The abolitionist press had focused its attention on opposing the paternalistic defense of slavery and the Southern culture's reliance on racist stereotypes. These typically portrayed slaves as children who needed the support of Whites to survive or who were ignorant and happy as slaves. The stereotypes depicted Blacks as inferior to Whites and a threat to society if free.

Cornish and Russwurm argued in their first issue: "Too long have others spoken for us, too long has the public been deceived by misrepresentations". They wanted the newspaper to strengthen the autonomy and common identity of African Americans in society. "We deem it expedient to establish a paper", they remarked, "and bring into operation all the means with which out benevolent creator has endowed us, for the moral, religious, civil and literary improvement of our race".

In its "Summary" and "Domestic News" sections, Freedom's Journal published crimes committed almost entirely by White people, showing an attempt to undo associations of Black people with criminality. The paper linked criminality to Whiteness, typically taking a full column of the newspaper to report on previously published crimes throughout the entire nation. The White crimes reported were violent and serious: murder, and in the North, kidnapping. Freedom's Journal juxtaposed White victims of White criminal offenses with enslaved victims of White crime, creating a counter-discourse to the association of Black Americans with inherent lawlessness. For example, the April 27, 1827, issue of Freedom's Journal lists three murders in its "Summary" section:

"Randall W. Smith of Lexington, Ken. has been tried, and found guilty of manslaughter and sentenced to the penitentiary seven years, for killing Dr. Brown. He is to be tried for shooting a Mr. Christopher at the same fire"; "A woman of the name of Hanford, with one of her sons, has been committed to prison in Wilton, Conn. on a charge of having murdered another son"; and "The Frankfort, (Ky.) Argus, of the 4th inst. contains an advertisement offering a reward of $200 for the apprehension of Ewing Hogan, who was murdered by John Wells. One item is worthy of notice in the description of Hogan—a part of his nose has been bitten off!"
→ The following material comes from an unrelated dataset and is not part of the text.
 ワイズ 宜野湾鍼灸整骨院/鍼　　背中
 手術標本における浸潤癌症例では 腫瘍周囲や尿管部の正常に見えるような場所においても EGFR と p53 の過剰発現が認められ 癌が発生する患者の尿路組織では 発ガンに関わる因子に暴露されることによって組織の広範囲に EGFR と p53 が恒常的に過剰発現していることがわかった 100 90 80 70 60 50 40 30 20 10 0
The "Summary" and "Domestic News" sections disappeared, however, after Samuel Cornish left the paper in 1827, signaling a larger shift in the paper all together.

Freedom's Journal provided international, national, and regional information on current events. Its editorials opposed slavery and other injustices. It also discussed current issues, such as the proposal by the American Colonization Society (ACS) to resettle free Blacks in Liberia, a colony established for that purpose in West Africa. Freedom's Journal printed two letters written by preeminent Black American leaders of the time, both in opposition to the aims of the ACS. One man was the head of the African Methodist Episcopal Church (AME), Richard Allen, whose letter appeared in November 1827 and the other was the Reverend Lewis Woodson, also associated with the AME, whose letter appeared in January 1829. Allen's letter was reprinted later, as part of David Walker's Appeal.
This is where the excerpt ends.